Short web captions

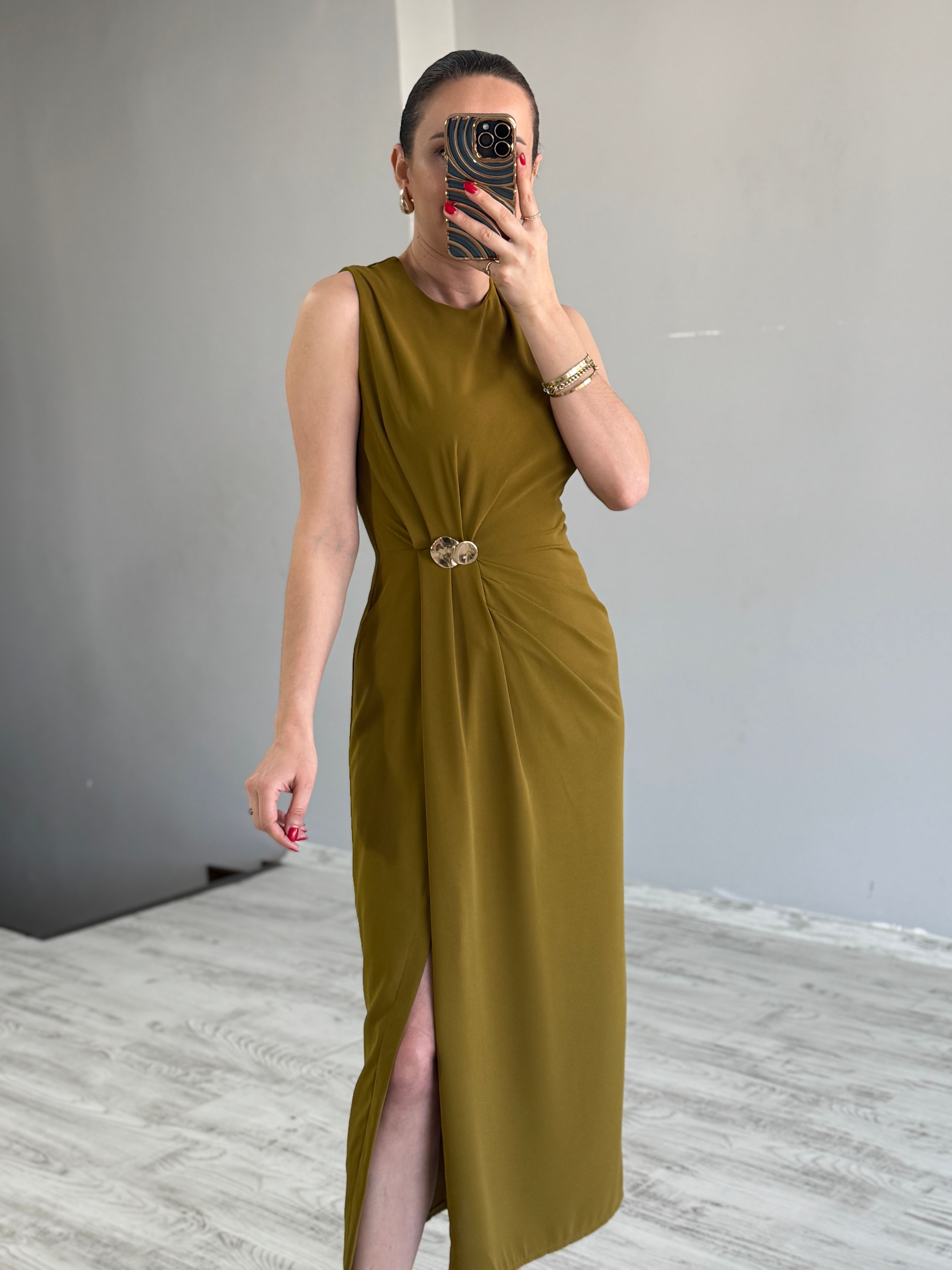 Gold Detaylı Elbise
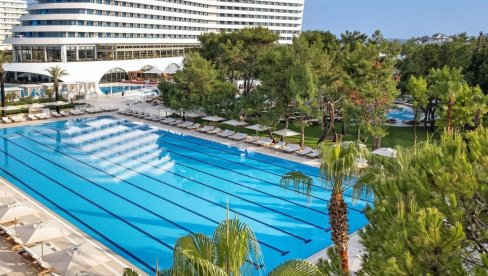 NA PLAŽI, U LARI, ČUVENOM ANTALIJSKOM LETOVALIŠTU: Jedan od ubedljivo najboljih hotela po svakom pitanju NA PLAŽI, U LARI, ČUVENOM ANTALIJSKOM LETOVALIŠTU: Jedan od ubedljivo najboljih hotela po svakom pitanju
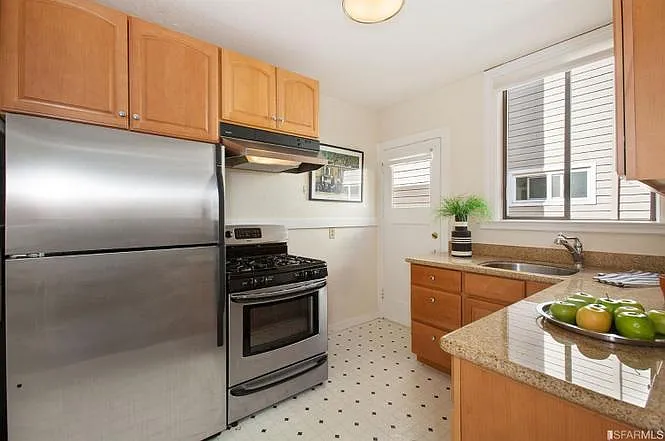 1774 9th Ave #4 — Photo 8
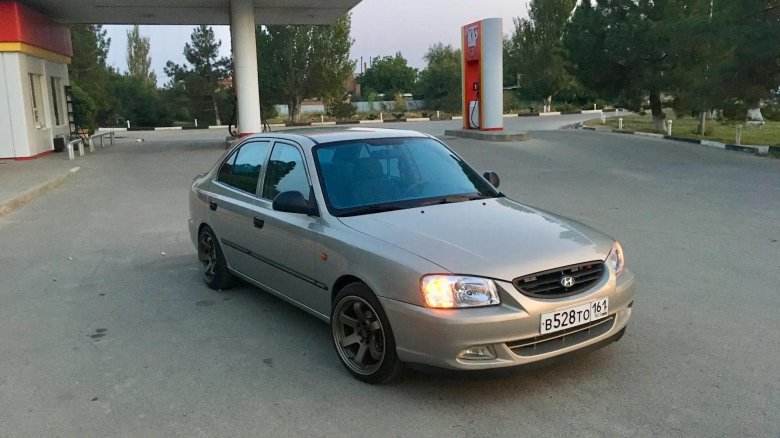 Hyundai Accent бежевый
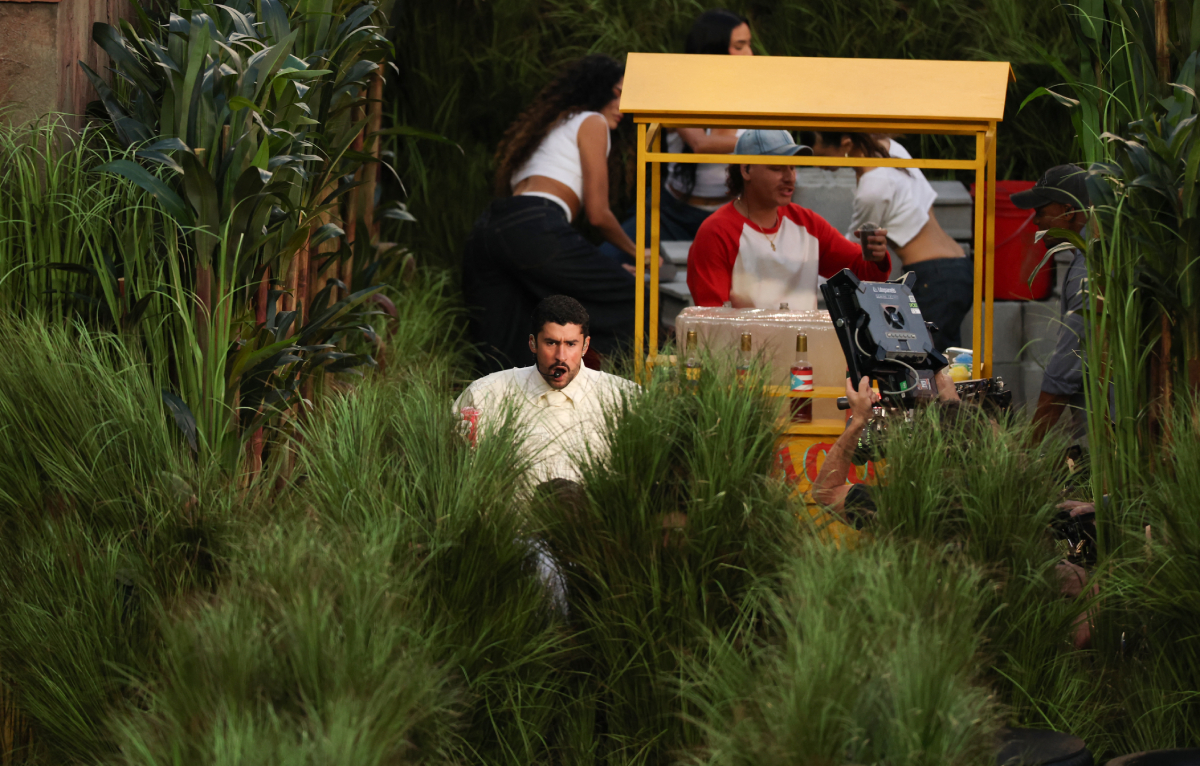 Super Bowl: Πόσα πληρώθηκαν όσοι εμφανίστηκαν ως «θάμνοι» στο halftime show του Bad Bunny (vid)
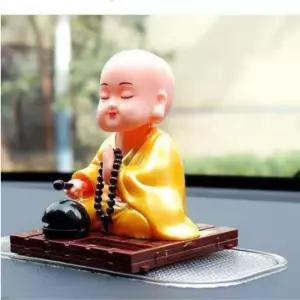 목탁 치는 동자승 인형 차량 대시보드 장식 소품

## Exercise objective
Return, exactly as they appear, the lines from the line containing "Super Bowl: Πόσα" through the end of the records above, both ends included, without pictures.

## Output for this exercise
 Super Bowl: Πόσα πληρώθηκαν όσοι εμφανίστηκαν ως «θάμνοι» στο halftime show του Bad Bunny (vid)
 목탁 치는 동자승 인형 차량 대시보드 장식 소품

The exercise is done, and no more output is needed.